Meus exemplos são exagerados, mas eu preciso deixar claro o porquê das críticas externas serem tão pouco relevantes. Se você estiver apresentando um trabalho com base marxista, de que adianta alguém dizer que não concorda com a ideia de luta de classes? Se você é analista freudiano, imagine o absurdo de alguém questionar a existência do superego. Infelizmente, ainda se ouve muita crítica externa nos debates. Quem a faz, não entendeu que a conversa acadêmica fica travada se os pressupostos forem discutidos a cada instante. Se não concordam com as hipóteses básicas, busquem a sua própria turma ou criem a sua própria brincadeira, com suas próprias regras. Boa sorte, mas não encham o saco.

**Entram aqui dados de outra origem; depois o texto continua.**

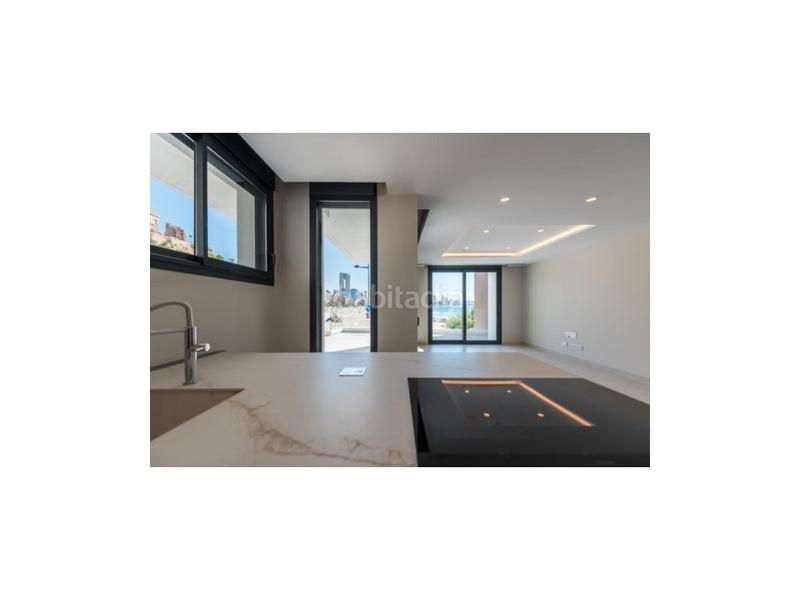 Foto e3eed62a-e7e2-4184-a1c2-2246d53f72ca. Duplex avec parking piscine dans Playa Poniente Benidorm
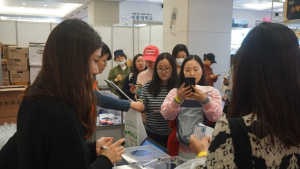 임신축하선물을 증정하는 '프리미엄 서베키'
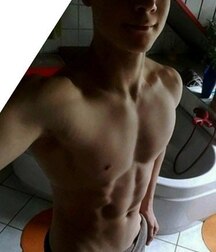 Handsome hotties and bulges boys porn selfies 62112190ed4ff.jpg
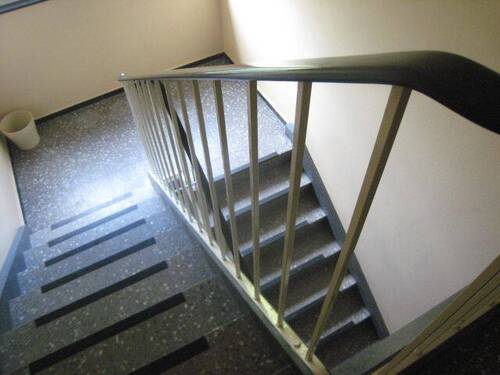 Treppenhaus - 2 Zimmer Etagenwohnung zum Kaufen in Bremen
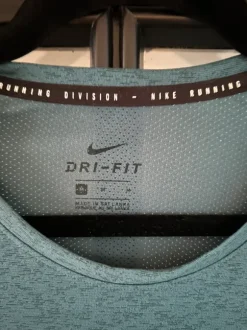 Nike Funktions tränings T-shirt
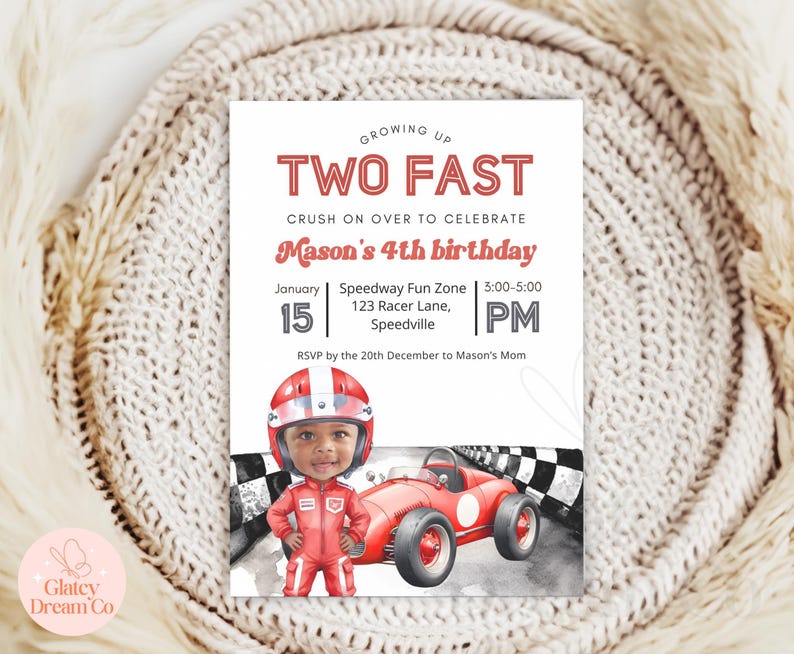 Invitation Grandir DEUX voiture rouge de course rapide pour bébé garçon 2e anniversaire, photo personnalisée et animation vidéo evite image 5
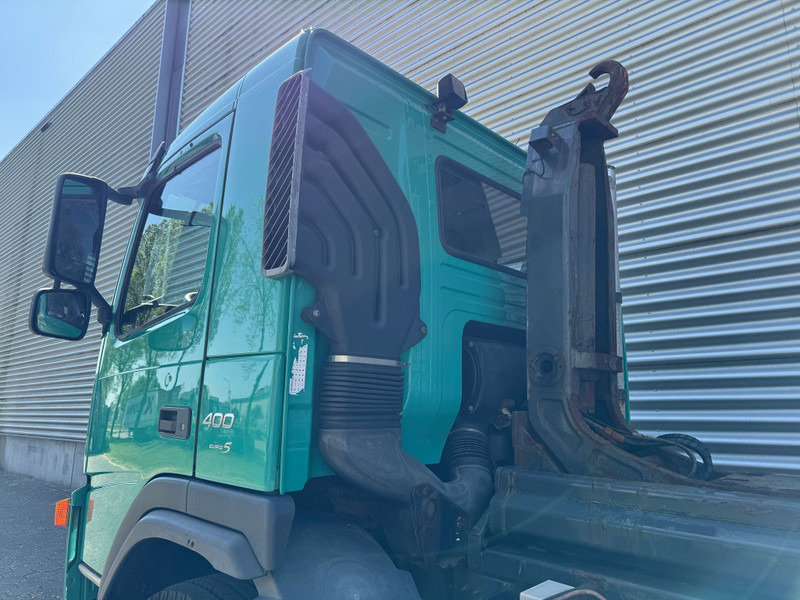 Camión multibasculante Volvo FM400 / I-Shift / Hook / Euro 5 / VEB+ / TUV: 6-2025 / NL Truck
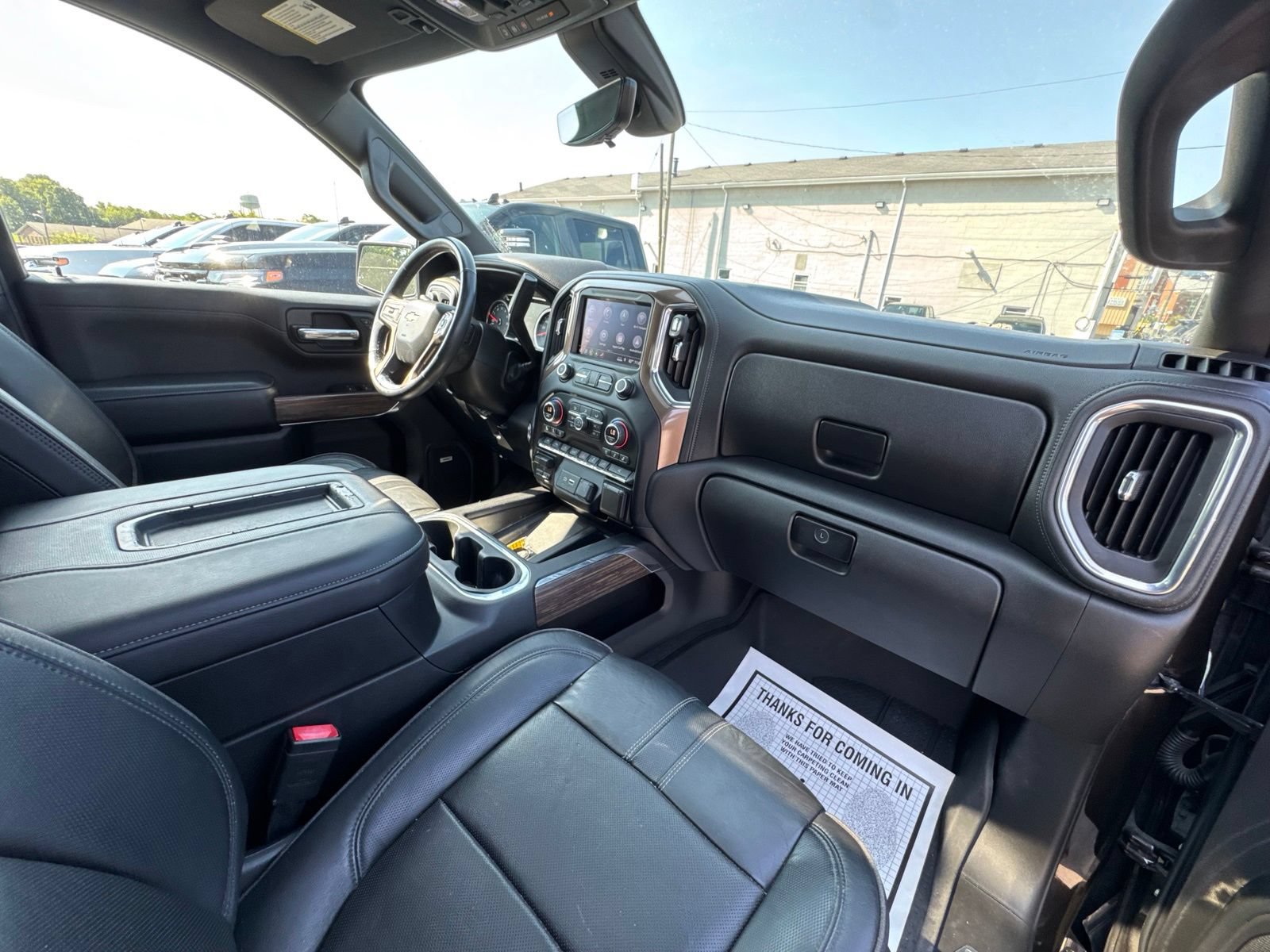 Used 2019 Chevrolet Silverado 1500 High Country w/ Technology Package AWD/4WD image 34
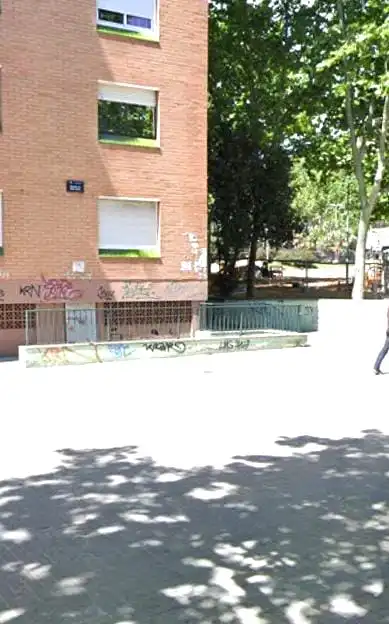 Außenansicht von Garage zum Verkauf in Badalona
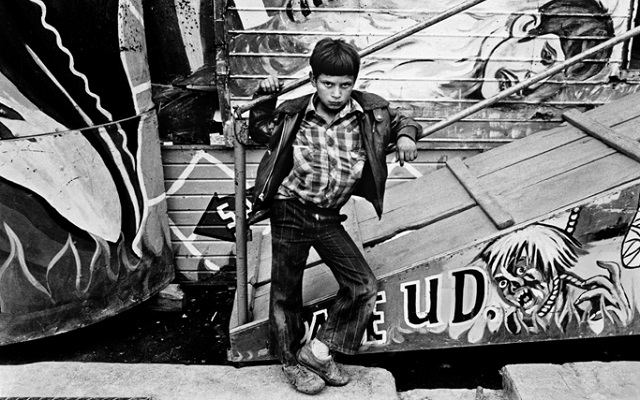 Urbes Mutantes: Fotografía Latinoamericana 1941 - 2012. La maldita primavera. El niño y el infierno. Ciudad de México 1985. Yolanda Andrade.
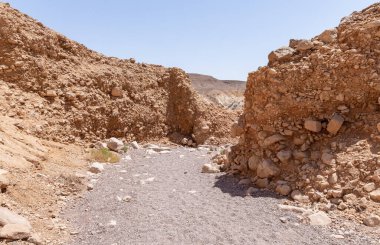 Kuru bir nehir yatağı boyunca Eilat şehrinin yakınlarındaki bir doğal rezerve giden bir yol.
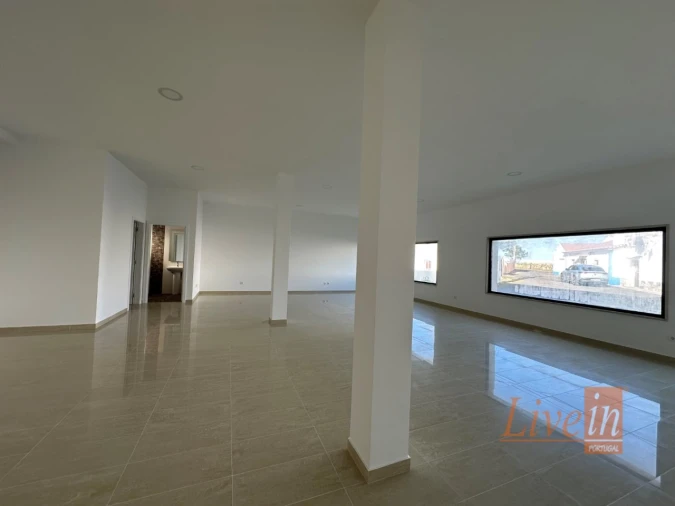 Loja para Venda em Carvoeira Foto 4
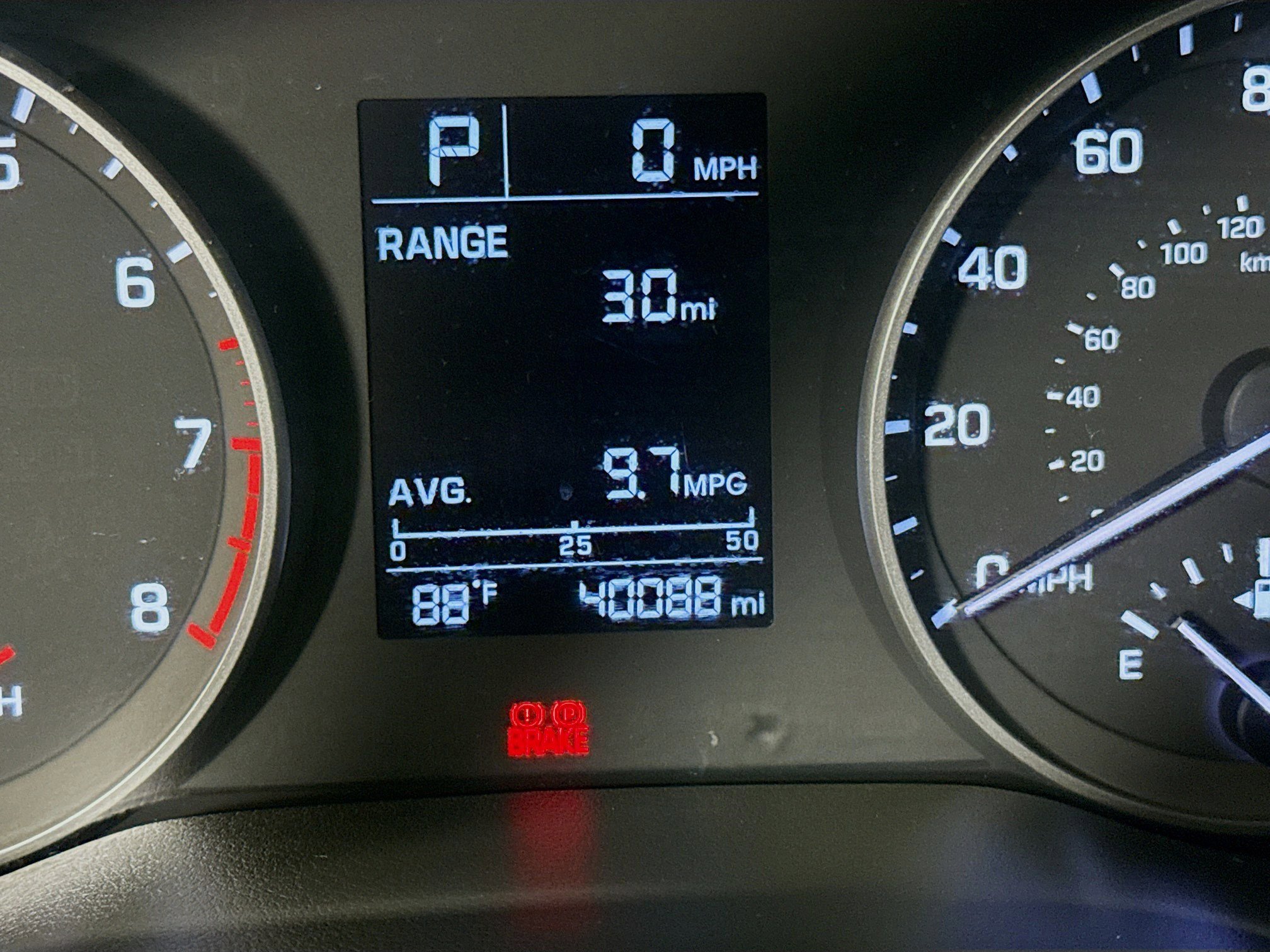 Used 2018 Hyundai Elantra SE image 16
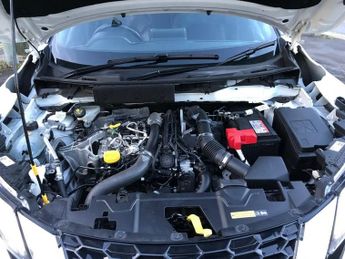 NISSAN JUKE 1.0 DIG-T N-Connecta SUV 5dr Petrol DCT Auto Euro 6 (s/s) (114 p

Crítica "Por que você não fez o trabalho que eu queria?"

Nesse caso, apesar de muitas vezes ser uma crítica interna, quem a faz quer que você responda a uma pergunta de pesquisa diferente daquela que você respondeu (ou tentou responder). Ou seja, quem a faz propõe que você faça outro trabalho. Nada contra alguém sugerir os próximos passos da pesquisa, minha bronca reside no tom de crítica. A resposta padrão é: "Obrigado pela sugestão" e bola para frente.